Time Magazine’s May 21 issue shows (inadvertently) how the amoral cult of establishment celebrity spans generations, from Vietnam to Iraq. First off, editor Richard Stengel (“An Event to Remember”) displays the precedence of economic to moral value by captioning one photograph “Former Secretary of State Henry Kissinger graced the event.” How is it that the man most responsible for subverting Chile’s democracy and bombing Cambodia, sucking it and Laos into a vortex of genocidal violence, merits the honorific verb “grace”? Because Kissinger is a celebrity. Why does Stengel (and the organization behind him) genuflect to a criminal whose ego prevents any acknowledgement of the suffering he caused? Because kissing old celebrity ass is the best way to prove one is worthy of inclusion among the elite. And such clubby inclusion is essential to corporate success.
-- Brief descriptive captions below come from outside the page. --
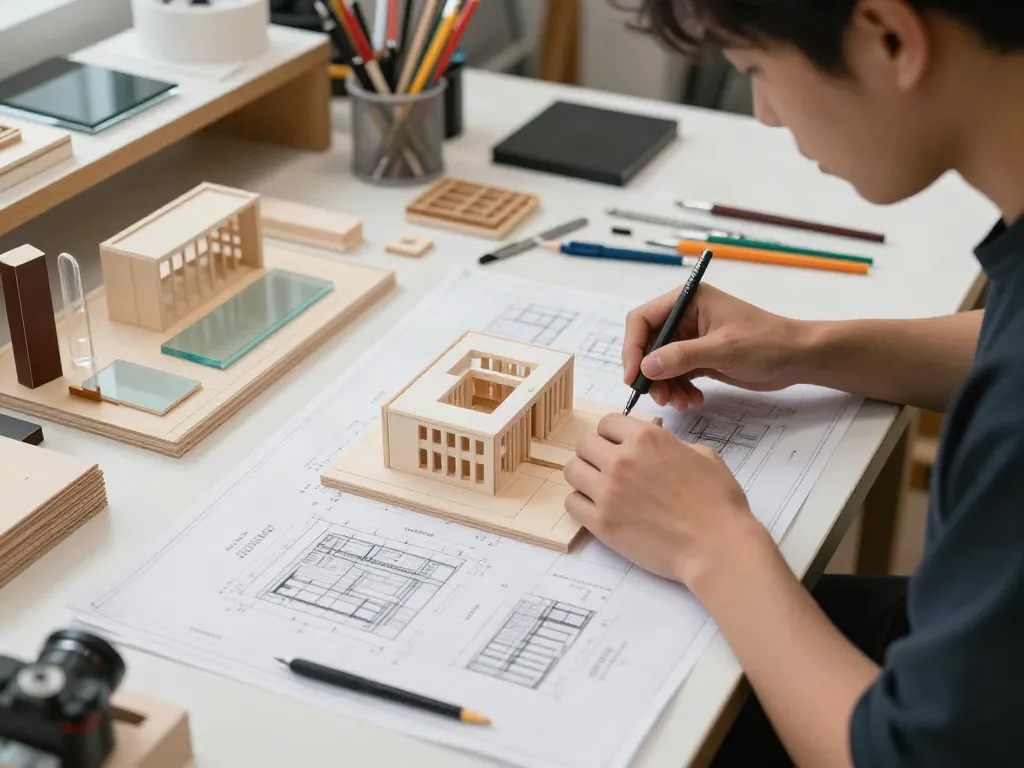 Modellbauer Aschaffenburg arbeitet präzise an Architekturmodellen in seiner Werkstatt.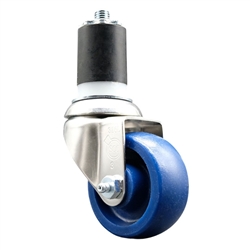 Service Caster #20 Series 1-3/4 inch expanding adapter stem Grade 316 stainless steel swivel casters with a 3-1/2 inch solid blue polyurethane wheel provide a washable caster solution.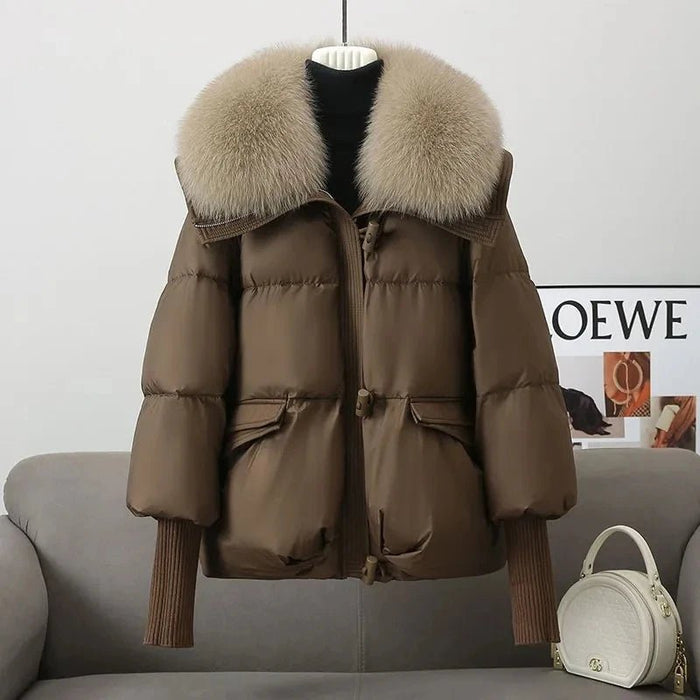 SaneShoppe-2025 New Women Winter Down Cotton Parka Coat with Larger Fur Collar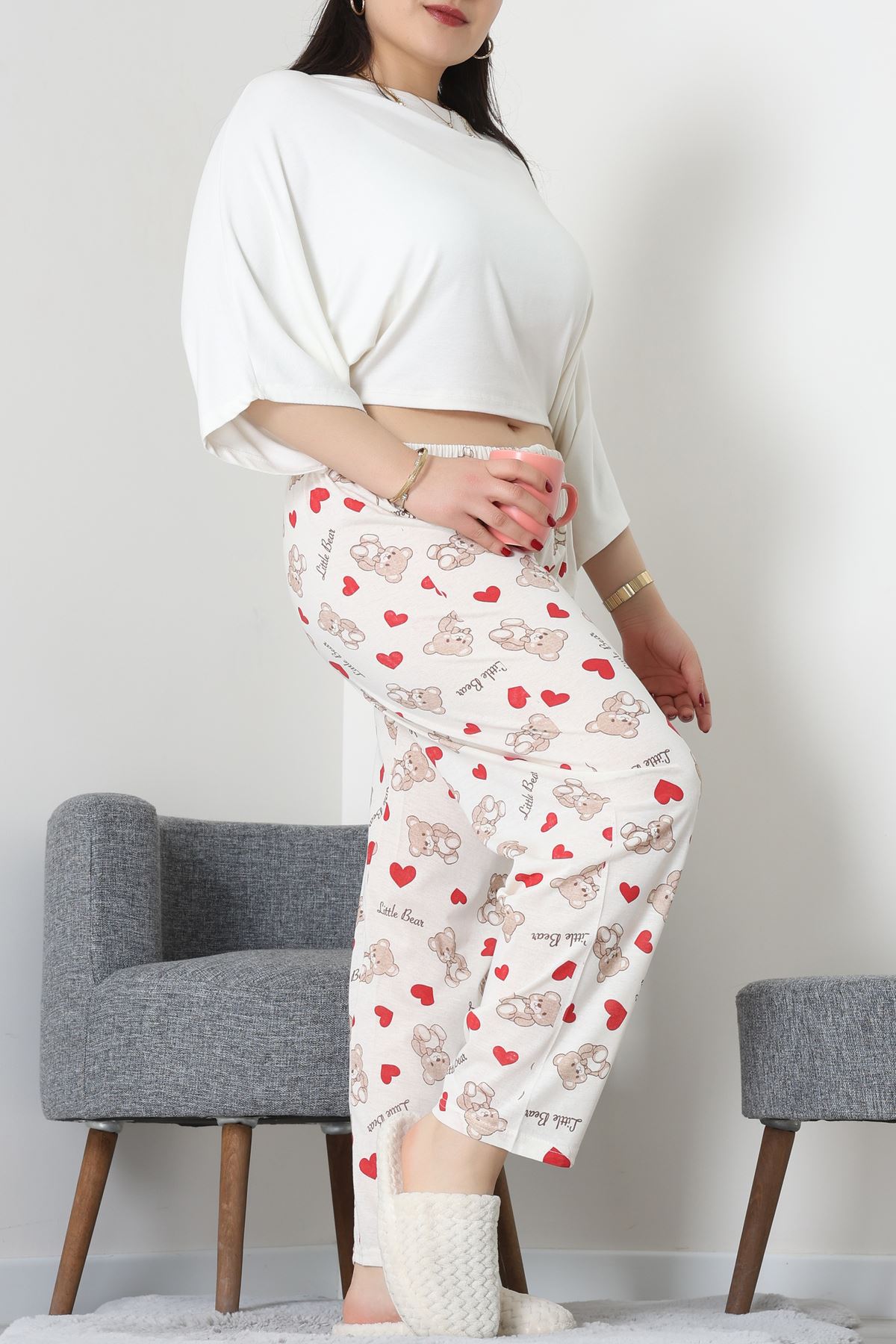 Büyük Beden Süprem Pijama Altı Krem - 55011.1567.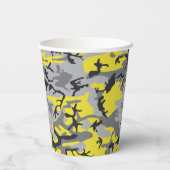 Geel en grijs Camouflage Jouw naam Personaliseren Papieren Bekers (Achterkant)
When I saw Peter Beinart’s name on a commentary essay (“Is Freedom Failing?” May 21 issue), my heart sank again. What can a person who championed military invasion of a second country – Iraq – know about “freedom” and “democracy”? He pretends to give advice to Chavez, Putin, and Ahmedinejad, leaders which, as far as I can tell, have never invaded other countries (their real crime is in bucking Washington’s failed leadership). Beinart’s hypocrisy in preaching democracy, a doctrine of dialogue, is analogous to a peace activist pulling out a gun and shooting dead an opponent – and then adopting a sanctimonious pose to the applause of the media elite. And when I see cheerleaders of state violence getting not censure and opprobrium but promotions – George Tenet receiving a medal from George Bush, Beinart being rewarded with a senior fellowship at the Council on Foreign Relations and a gig at Time Magazine – I feel this country has really gone off a cliff. Lessons were learned in Vietnam. But the lessons learned were clearly the wrong ones.
Not only did such people lack the moral integrity and intellectual acumen to see through and confront the “patriotic” hysteria whipped up by power hungry elements after 9/11, they now lack a proper sense of shame for their part in setting up the rape of Iraq. A person with a penitent conscience would at the very least cease dispensing facile “advice” about a world he obviously knows nothing about. It nauseates me to see Beinart and his like pretend to advocate for the world’s poor when their only master is their own ambition in service to American power. While Iraqis die in droves, a Virginia Tech or more every day, the war has really been kind to Beinart’s career and personal brand! Moral charlatans and pipsqueaks like him are rewarded for acts which have shredded this country’s moral and political fiber, and Time Magazine shows just how such people are feted and hob-nobbed by our national aristocracy, no matter how many die for their mistakes.
In this undemocratic age, the only means to express my outrage is to promise never to purchase Time Magazine as long as I see Beinart’s smooth face (or that of other salesmen of war) featured in its pages.